Est-ce une bande sonore qui a été enregistrée ? Sherry Singh a été catégorique : il n’a jamais eu cette conversation. Donc, était-ce des voice actors ? Ou un logiciel utilisant l’IA qui a été utilisé pour créer la conversation ? Sollicité, David De Gaye, consultant en stratégie digitale qui oeuvre également pour donner aux humains le pouvoir transformateur de l’IA, confirme que les avancées récentes dans ce domaine ont radicalement amélioré la capacité à générer des vidéos réalistes, parfois à partir d’une simple photo et de quelques secondes d’enregistrement vocal. «Par exemple, certaines plateformes peuvent désormais créer des voix synthétiques étonnamment convaincantes avec un enregistrement minimal. Ces outils permettent non seulement de générer des voix rapidement, mais aussi de les personnaliser en ajustant le ton, la hauteur et l’accentuation pour correspondre à l’original», avance-t-il. Ces plateformes donnent la possibilité de choisir parmi une gamme de voix existantes, voire même de créer une nouvelle voix, en téléchargeant un simple extrait audio. Ish Sookun, System Architect à La Sentinelle Ltd, parle de technologies similaires. «Il y a des logiciels qui analysent la voix d’une personne. Par la suite, elle peut la calquer sur une conversation pré-enregistrée pour faire croire que c’est la voix de la première personne qui tient la conversation», explique-t-il.
Avec la rapidité des avancées technologiques, il a fallu trouver des moyens pour démêler le vrai du faux. David De Gaye rappelle la fois où un employé d’une multinationale avait été piégé par des deepfakes en temps réel lors d’un appel vidéo. Il avait transféré USD 25 millions à la suite de cet appel, où il avait l’impression de parler à ses collègues, dont son Chief Finance Officer. Mais tous étaient des créations de l’IA. Depuis, des outils ont été développés pour identifier les manipulations par IA dans les vidéos et audios. «Ces technologies utilisent des algorithmes sophistiqués, capables de déceler des incohérences ou des artefacts invisibles ou inaudibles pour les humains, offrant ainsi une défense contre les abus de ces nouvelles formes de médias», explique David De Gaye. Cependant, ce type de logiciels n’est pas facilement accessible, rappelle. «Certes, ces outils ne sont pas courants. On ne les retrouve pas gratuitement sur le net, par exemple», souligne-t-il. L’un de ces outils analyse la qualité de la voix. «Lorsqu’une voix est artificiellement créée, elle est synthétique. C’est ce que ce logiciel arrive à détecter» dit Ish Sookun. Il y a aussi d’autres moyens. Dans les informations contenues dans les propriétés d’un fichier audio ou vidéo, il est possible de savoir si le fichier a été créé par une IA ou pas.

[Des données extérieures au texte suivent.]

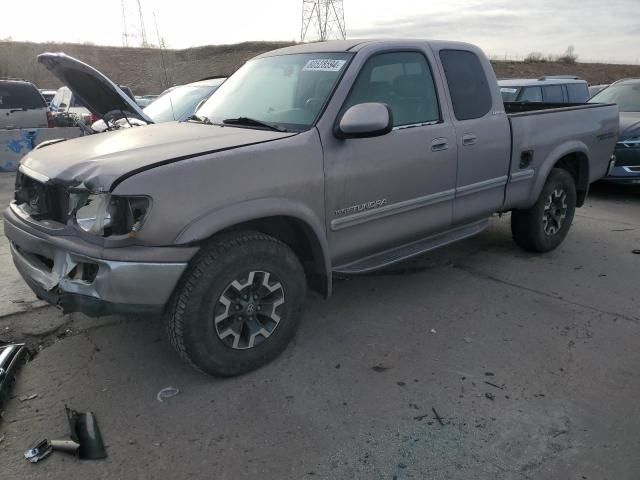 TOYOTA TUNDRA ACC 2000 5tbbt4815ys024235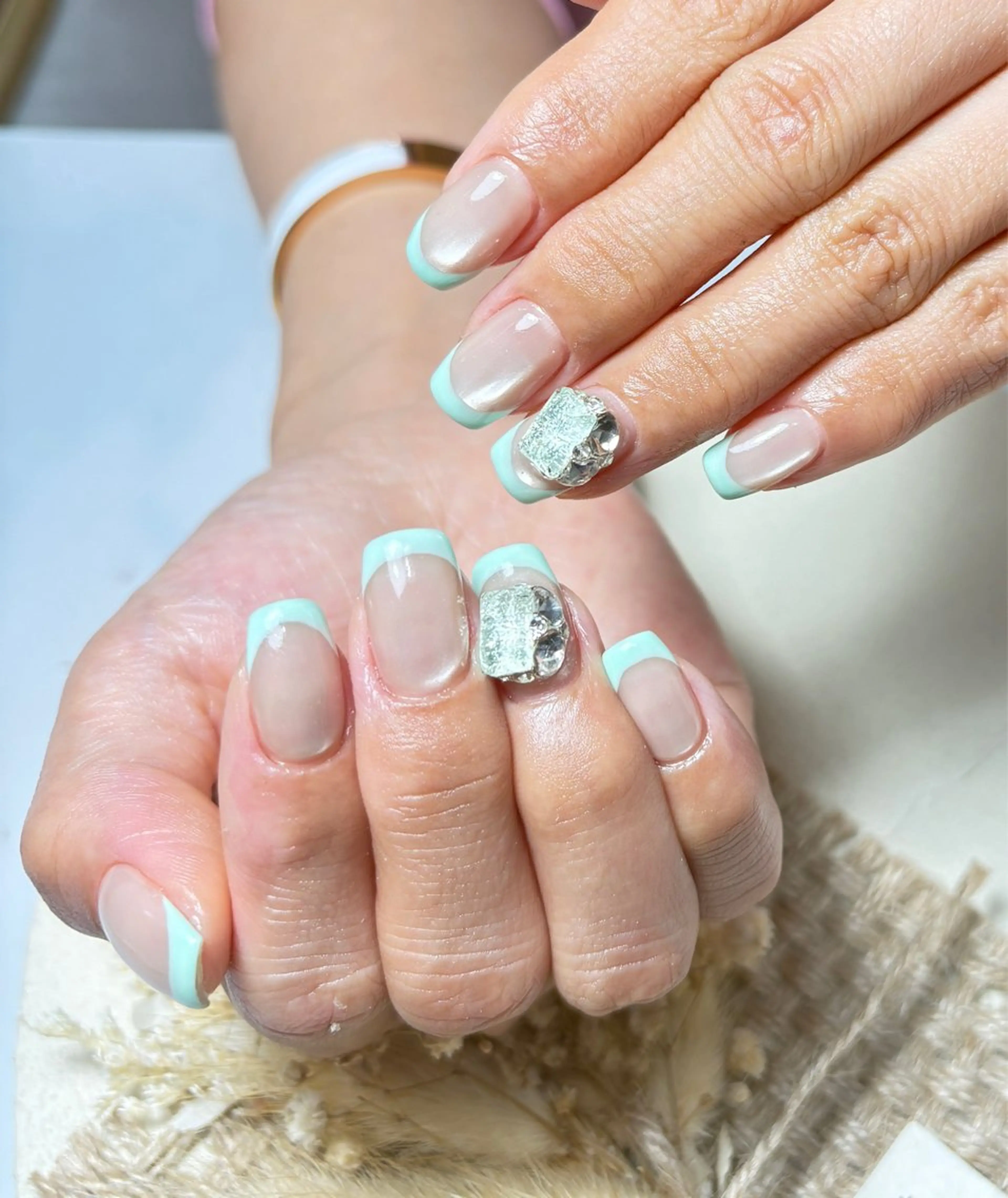 ネイル AngelChris ビューティーサロンのネイルデザイン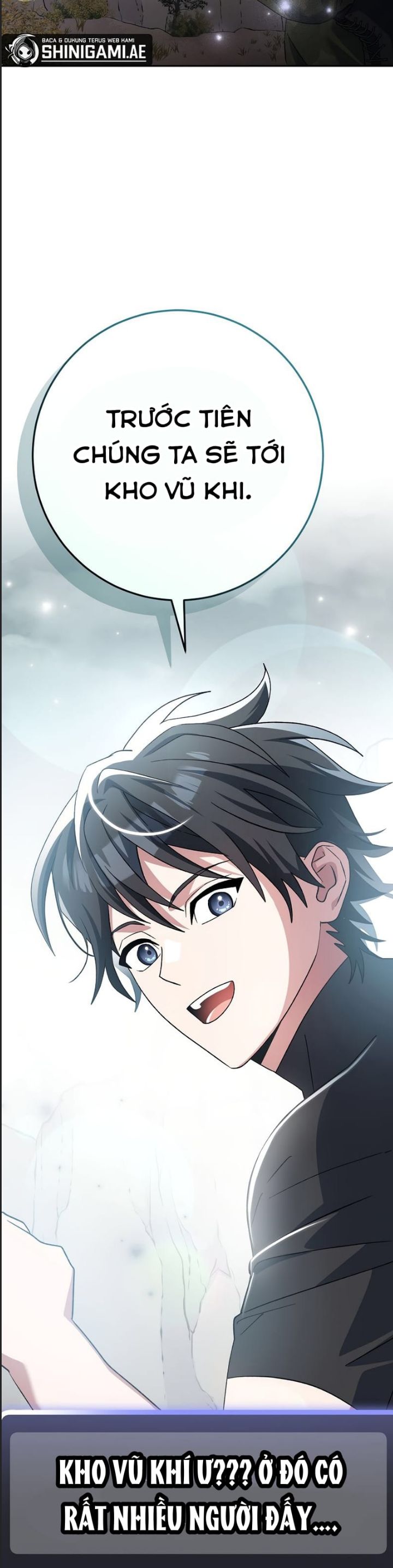 Stream Của Cung Thủ Thiên Tài Chap 47 - Next Chap 48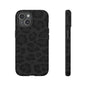 Dark Leopard Tough Cases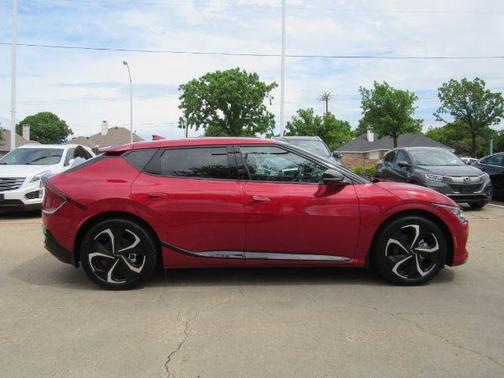 2023 Kia EV6 GT-Line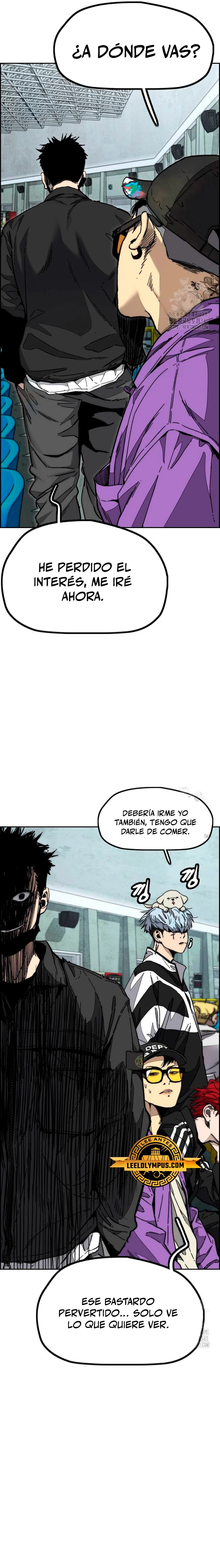 RompeVientos - Capítulo 502 - Página 27 - LectorTMOo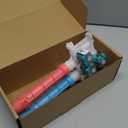 EIFLS60LT1 EIFLS55IIW0 Washer Water Inlet Valve Fit for Electrolux EIFLS55IIW1 EIFLS55IMB0 EIFLS60JIW0 EIFLS60LSS0 EIFLS60LT0 EIFLW50LIW0 EIFLW50LIW1 EIFLW55HIW0 EIFLW55HMB0 EWFLS70JIW0 EWFLS70JIW1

La vieille histoire des bandes sonores en politique
Les histoires de bandes sonores dans les campagnes électorales ne sont pas nouvelles. En 2014, lors d’un meeting de l’alliance Parti travailliste-Mouvement militant mauricien, la bande sonore d’une conversation enregistrée chez la famille Jugnauth avait été diffusée. À l’époque, il n’y avait pas d’intelligence artificielle et la véracité de l’enregistrement n’était pas au centre des débats. Après les élections, Madhukar Ramnarain, qui était considéré comme un proche des Jugnauth, avait été arrêté car il était soupçonné d’avoir enregistré la conversation privée. Mais, par la suite, la charge provisoire contre son épouse et lui-même avait été rayée. Cependant, d’autres internautes, qui avaient relayé la bande sonore sur le net, avaient été condamnés pour breach of Information and Communication Technologies Act (ICTA).
Dix ans après, c’est une autre étape qui a été franchie dans la guerre informatique de la campagne électorale. Avec l’apparition de l’IA, même sans enregistrement, il est possible de créer des conversations. Dans son communiqué, le ministère de la Technologie rappelle que toute manipulation et diffusion de données illégalement obtenues vont à l’encontre de la Cybersecurity and Cybercrime Act et de l’ICTA.